Miguel solía llegar sobre las 10:30
horas, siempre era el primero; después lo hacíamos Mari y yo; Antonio un poco después ; Paco “El veleño”, el más joven del grupo, iba sobre las 11:30 horas pues
entonces era cuando hacía un alto en el trabajo y Paco “El taxista”, por
su profesión, no podía asistir a diario como nosotros pero cuando no tenía
viaje allá que iba también.
Normalmente
se hablaba de todo y, de vez en cuando, la conversación giraba hacia las
anécdotas locales, en ese tema Miguel
era una enciclopedia, y en los chistes era donde Paco “El veleño” y Antonio nos regalaban risas en cantidad
pues nos mostraban los chistes con una gracia malagueña muy peculiar.

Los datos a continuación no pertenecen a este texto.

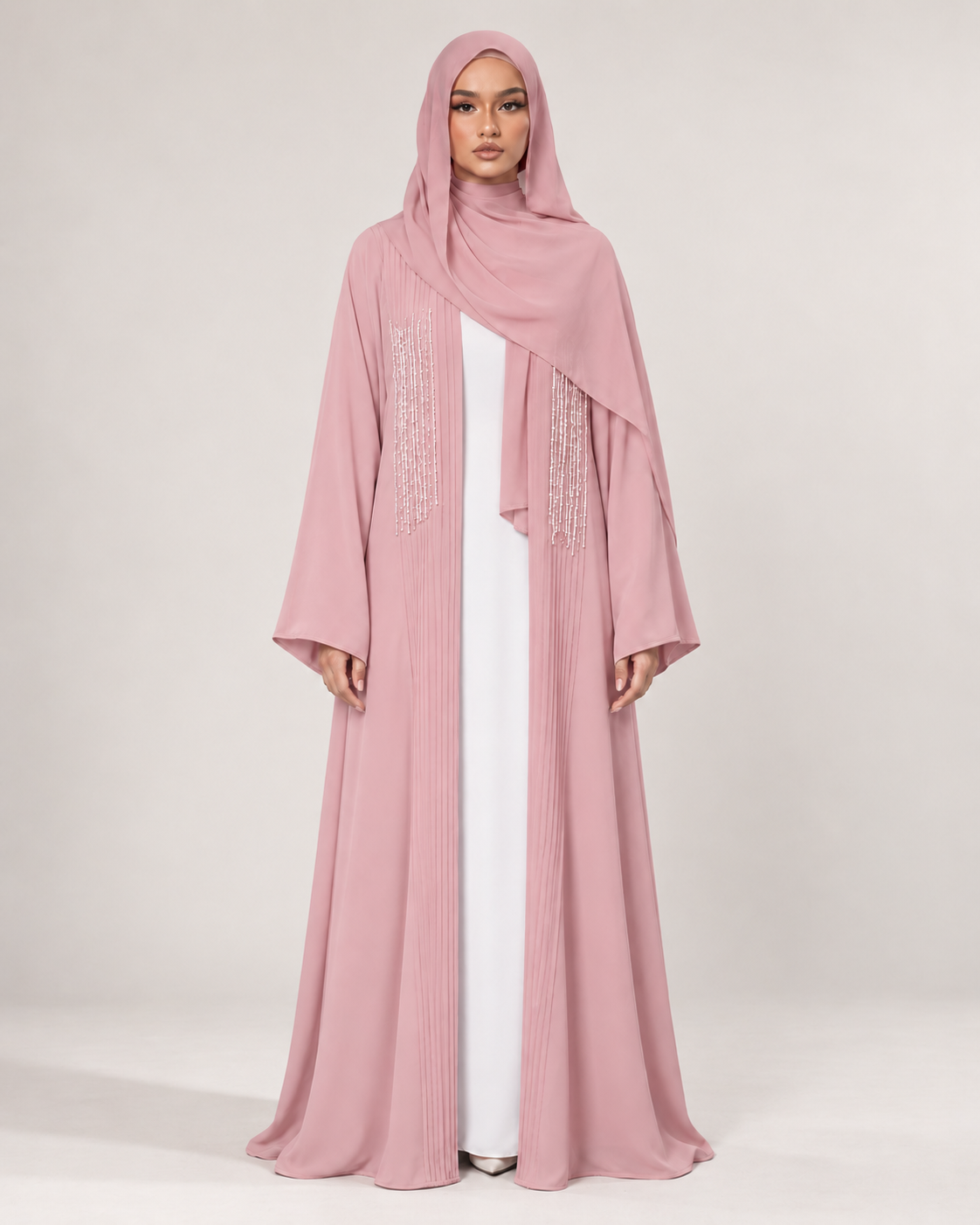 The Blush Pearl Abaya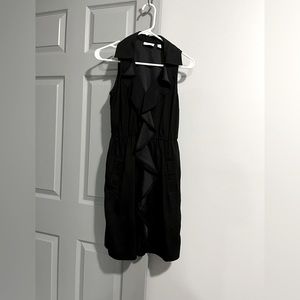 Ny and Co black dress with ruffle detail
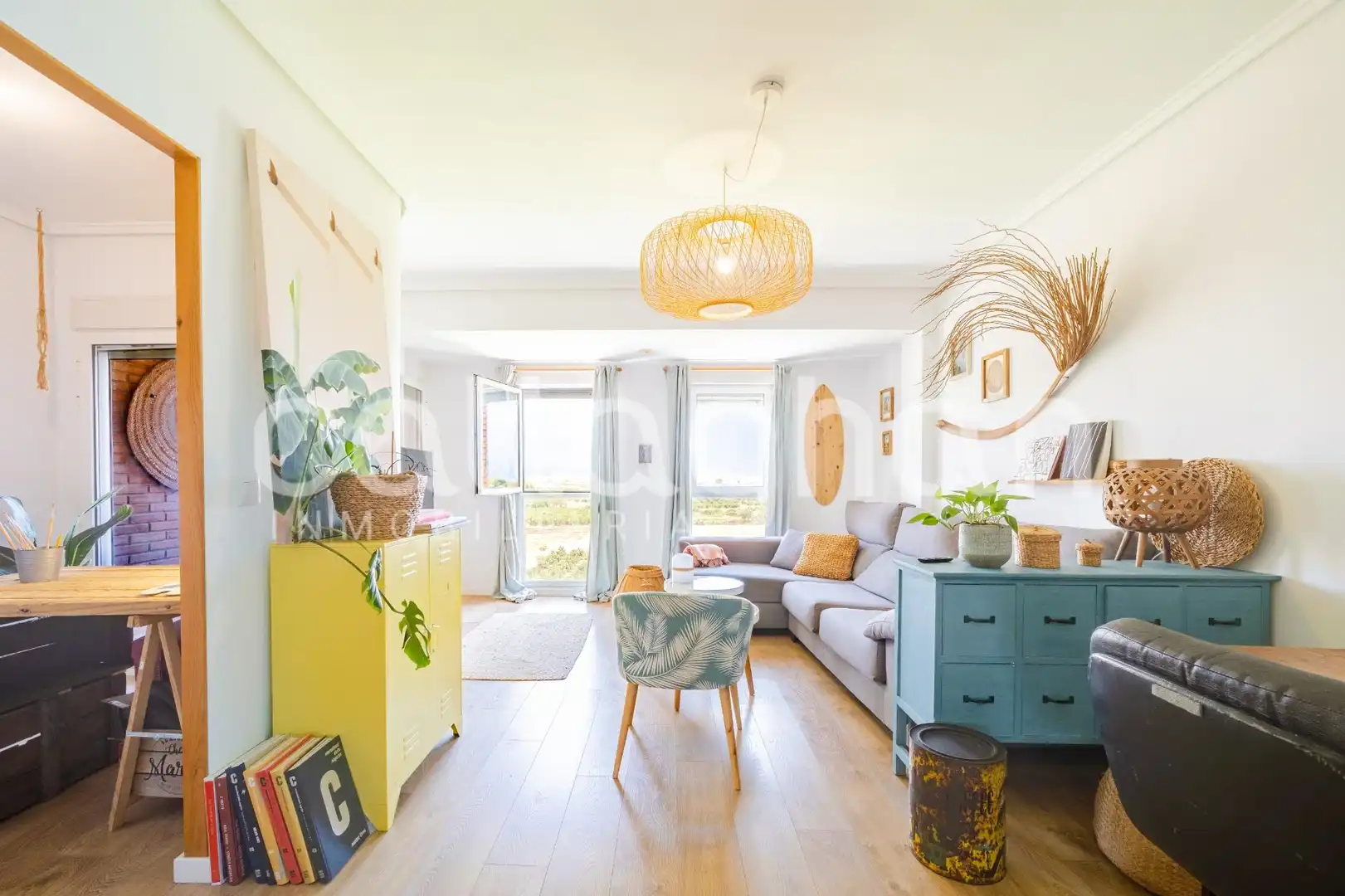 Sala de estar de Piso en venta en Albuixech con Terraza, Amueblado y Balcón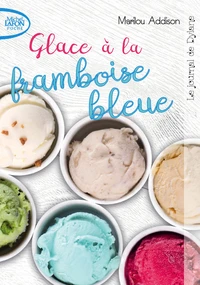 Glace à la framboise bleue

Antonio estaba siempre con la caña de
pescar preparada y cuando podía enganchaba en el anzuelo sus cuñas irónicas
para que picáramos; Miguel, con sus
83 años, las captaba y cuando iban dirigida a él le respondía tirándole un
misil verbal a la línea de flotación. Antonio, que ya está más próximo a los 80
que a los 70, intentaba eludir el impacto y le respondía:
- ¡¡¡Yo “inglis”!!!
Cuando
le daba esta respuesta se levantaba de la reunión y se marchaba apresuradamente
en busca del descapotable.
Esta
escena era muy frecuente y, cuando ocurría, Miguel le regalaba un pildorazo gracioso mientras se aleja, siempre
lo esperábamos y nos encantaba escucharlo:
- ¡¡¡Veeerá con “El toreeero”, toicos los días
tirándome tiricos!!!
Era
difícil no ser amigo de Miguel
porque atesoraba mucho bueno, no obstante, considero que el lugar que ocupó Manuel “Mataperros” en su corazón no fue ocupado por nadie más. Al morir Manuel
lo pasó muy mal cuando acudió al tanatorio para acompañarlo y consolar a la
familia por su pérdida. El día del entierro me comentó que no asistiría al
funeral religioso en la parroquia porque sufriría mucho otra vez y eso no le
vendría bien a su salud.
Miguel, más de una mañana, recordaba
a su amigo “Mataperros”, sobre todo
cuando salían temas relacionados con lo que habían vivido juntos, y siempre lo
hacía así:
- Decía mi amigo Manuel…
Al
principio, como es lógico, no sabíamos a quién se refería con esas palabras y
entonces le decíamos:
-
¿Quién es ese señor?
- ¡¡¡Mataperros!!!
Cuando
intentaba aclararnos cómo era Manuel
lo hacía con las manos y las palabras. Para decirnos que tenía unas orejas muy
grandes usaba una forma muy particular pues sus manos se ponían en marcha y las
pasaba por debajo de las suyas.
También
nos comentó, más de una vez, las bromas que se gastaban cuando hablaban de la
muerte. En ese tema Miguel se sentía
dolido con Manuel porque le repetía
con frecuencia y de manera graciosa:
- ¡¡¡A ti le quedan dos lunas!!!
A
continuación Miguel decía:
- Después de tanto decirme lo de las lunas se
ha ido él antes que yo.
El 25
de abril de 2015, llegamos a “Bajamar”
a la hora habitual. Estábamos tomando el café y leyendo la prensa, Paco “El Taxista” se acercó hasta nosotros y,
de una manera muy rara, nos dijo:
-
Miguel no va a venir ya más.
No
comprendimos sus palabras y le dije:
-
¿Qué has dicho?
–
Miguel murió anoche –nos respondió.
Acabamos
el café y, cuando fuimos a pagar, los otros conocidos nos dijeron que no habían
querido darnos la desagradable noticia.
Llevamos
a casa las compras, después nos fuimos al tanatorio para acompañar a la familia
y, por último, asistimos al funeral religioso.
Queremos
que estas líneas sirvan para manifestar que nuestra amistad con Miguel “Matachinas” duró poco pero mereció la pena vivirla… ¡¡¡Va por ti, amigo!!!